Tree-hugging? No, just checking the girth of this gigantic Chestnut tree

DSC_0034 Walking through the quiet woods and the long, narrow paths of extinction, where the railway tracks once ran back and forth from the quarries to the docks, you can’t help but feel the earth move in a memory recording life pulsing in the earth. The track now loses interest as a cycleway up into the mountains. Though it’s a pleasant enough walk or bike ride that way, the thought of belching coal smoke and steam has a certain energy to it that may not be PC but I’d love to see it for myself just for a day. As a young climber I spent my weekends on the craggy climbs and on mountain support too. The youth hostels were full of climbers and young hippies. The industry of the region was hard as it was in industry throughout the working areas of Britain. Now it’s just a trace of what was. The docks do have working vessels that still transport slate and slate waste for road base and pathways and such. DSC_0030 Some search the mussel beds for seafood product, but for the main part all of that is minimal compared to the weekend sailing vessels, boat sales and so on. I like seeing the boat builders working on the boats when I am down there though. We talk tools and wood and vessels as we break from the routine to find common ground. Even in the quarry museum there is a lot to take in. Pattern makers used their skills to make massive castings for interconnecting cogs used in pulley systems and water-driven wheels that then drove the machinery and equipment.

If you want to see an internal tour of the castle with me, go here

Local to the castle area there’s the village where I live, which was once owned by the Pennants as part of the estate. A self sufficient village with orchards and bee hives, gardens for vegetables, chickens, and livestock for meat, dairy, eggs and so on. It’s a pleasant place now deprived of its former life self sustained within families living there and so alien to today’s world of mass-grown food and excess.

5 Comments

  1. Would love to see the boat building, go hiking, etc. I’d love to learn to build small craft at some point.

  2. I always read your posts Paul everyday and love them. Just one problem, I can’t access the last previous post? Hope there isn’t a problem

  3. I cant help but wonder about the lives of people involved with these castles. When you think about how a small number of people managed to amass wealth that enabled them to build such impressive edifice and while others barely making it, it becomes a guilty pleasure to visit these castles and appreciate all the fine craftsmanship. But then again, these super rich lords may just have redeemed themselves by supporting arts and crafts and preserving them for the future generations.

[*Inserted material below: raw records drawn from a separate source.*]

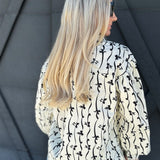 Bow Print Button Up Blouse In Ivory - Infinity Raine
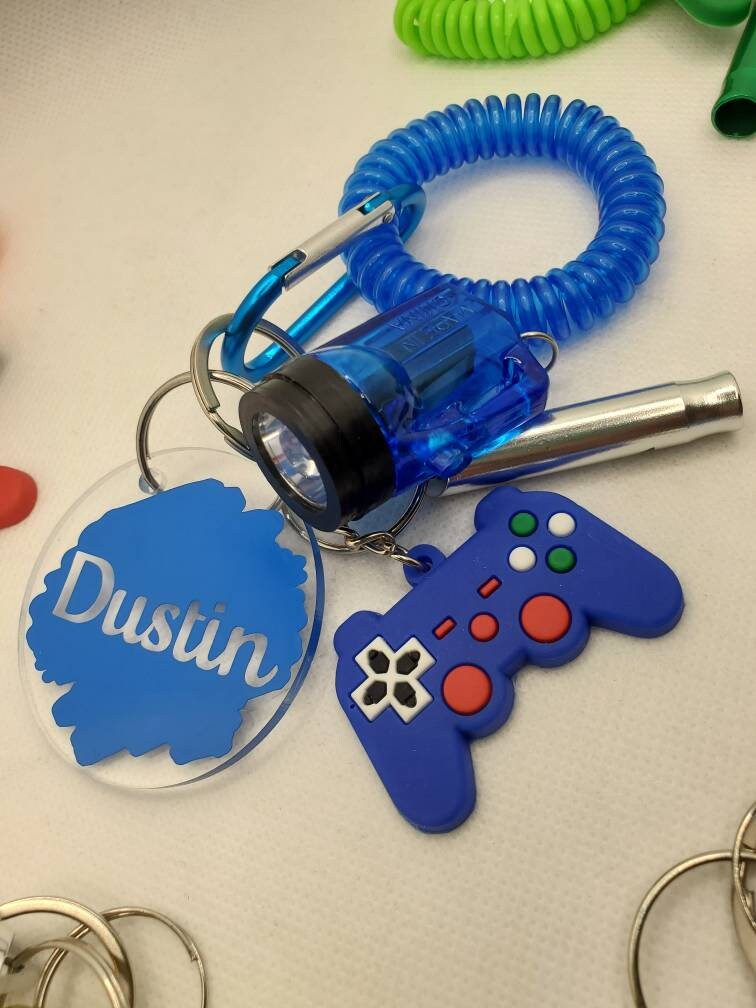 Personalized Kids Keychain Game Controller Child Safety Etsy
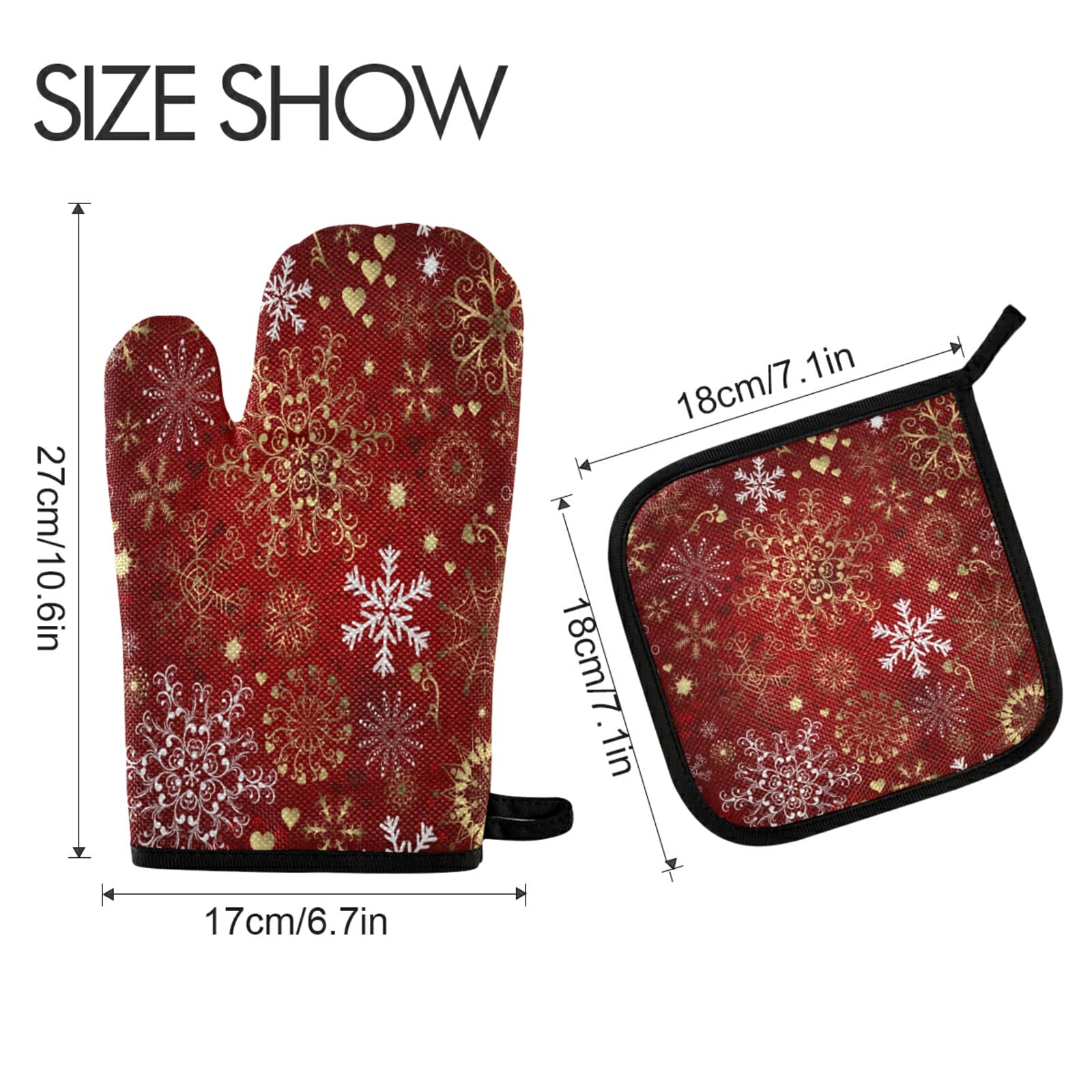 ALAZA Heat Resistant Christmas Snowflake Oven Mitt & Pot Holder Set - Gold White Red Kitchen Gloves for Cooking, Baking, Grilling, BBQ - Perfect Holiday Gift for Home Chefs & Bakers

    1. I think a lot of the bestowing of land and wealth was always at the expense of the working man who was really enslaved in some measure. The quarries did provide jobs, but men were away from home throughout the week and went home for Saturday evening and Sunday morning only. The owners of the manorial home had slaves on sugar plantations. So, money was made from sugar, slavery and slate. None of it to be proud of at all.

  4. For those interested in what happened at the working man’s end of the process, the ‘Treasure Maps’ blog has lots of accounts of visits to the quarries in the area, and shows the working conditins pf the men who made this sort of lifestyle possible.